On 11/5/25 20:48, Lorenzo Stoakes wrote:
On Thu, Oct 30, 2025 at 07:47:34PM +0100, Vlastimil Babka wrote:
On 10/30/25 19:31, Vlastimil Babka wrote:
On 10/30/25 17:43, Lorenzo Stoakes wrote:
Could we use MADVISE_VMA_READ_LOCK mode (would be actually an improvement over the current MADVISE_MMAP_READ_LOCK), together with the atomic flag setting? I think the places that could race with us to cause RMW use vma write lock so that would be excluded. Fork AFAICS unfortunately doesn't (for the oldmm) and it probably would't make sense to start doing it. Maybe we could think of something to deal with this special case...
During discussion with Pedro off-list I realized fork takes mmap lock for write on the old mm, so if we kept taking mmap sem for read, then vma lock for read in addition (which should be cheap enough, also we'd only need it in case VM_MAYBE_GUARD is not yet set), and set the flag atomicaly, perhaps that would cover all non-bening races?
So thinking about this again, taking mmap read lock will exclude any VMA write locks (which must hold mmap write lock), so no need to additionally take VMA read lock.
Right. Of course it would be nice if we could later also replace the mmap read lock with vma read lock.
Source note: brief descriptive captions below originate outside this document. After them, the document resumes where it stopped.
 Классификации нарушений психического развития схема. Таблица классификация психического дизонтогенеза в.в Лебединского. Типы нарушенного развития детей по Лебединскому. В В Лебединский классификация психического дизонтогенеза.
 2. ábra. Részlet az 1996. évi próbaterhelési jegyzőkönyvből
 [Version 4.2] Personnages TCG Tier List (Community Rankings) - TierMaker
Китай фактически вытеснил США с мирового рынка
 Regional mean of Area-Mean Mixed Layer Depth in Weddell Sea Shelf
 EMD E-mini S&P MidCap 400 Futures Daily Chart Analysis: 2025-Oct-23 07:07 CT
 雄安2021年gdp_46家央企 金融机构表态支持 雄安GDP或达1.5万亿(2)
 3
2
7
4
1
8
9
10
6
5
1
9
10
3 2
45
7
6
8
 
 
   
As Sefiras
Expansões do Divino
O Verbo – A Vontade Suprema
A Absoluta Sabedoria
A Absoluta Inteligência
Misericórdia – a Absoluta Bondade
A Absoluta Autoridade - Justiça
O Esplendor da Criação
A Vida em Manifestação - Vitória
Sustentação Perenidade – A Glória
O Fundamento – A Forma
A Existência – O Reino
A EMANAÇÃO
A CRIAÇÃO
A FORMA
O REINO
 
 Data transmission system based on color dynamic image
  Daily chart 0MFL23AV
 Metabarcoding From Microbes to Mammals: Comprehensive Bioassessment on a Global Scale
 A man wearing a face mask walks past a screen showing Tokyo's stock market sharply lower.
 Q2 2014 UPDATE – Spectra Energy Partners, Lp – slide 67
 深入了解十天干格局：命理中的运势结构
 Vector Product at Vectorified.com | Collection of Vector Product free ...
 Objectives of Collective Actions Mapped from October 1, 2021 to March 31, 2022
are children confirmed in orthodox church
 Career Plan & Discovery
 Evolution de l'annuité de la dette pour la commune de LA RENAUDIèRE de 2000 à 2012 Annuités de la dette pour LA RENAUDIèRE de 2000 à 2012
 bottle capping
Hopefully should be feasible because MADV_DONTNEED can do it and guard ranges perform similar kind of operations (with more complex page table handling necessary, IIRC but that should hopefully be still fine with vma read lock).
It's obviously not in scope of the series here, maybe just to keep in mind if that next step will be compatible with anything done here.
Also as mentioned later in thread, the invocation of vma_needs_copy() is performed under VMA write lock (and this mmap write lock) so no need to read atomically there either.
As per Pedro, we can treat other races as benign.
Merge/Split etc. are done under VMA write lock so there's no race that matters there.
The only other place we even care about this flag in is for /proc/$pid/smaps, but there it'd be benign as you'd happen not to observe the flag being set up at the point at which a concurrent guard region install is happening - something that you could race with _anyway_.
Right.
As Pedro says, remaining cases where you read flags would be benign, as the readers should never observe a meaningful torn read being a bitmap and given this flag only matters on fork and smaps.
So I think just having something that sets atomically with an allow list is fine, but making that very strict so literally just this flag is allowed (currently).
Ack.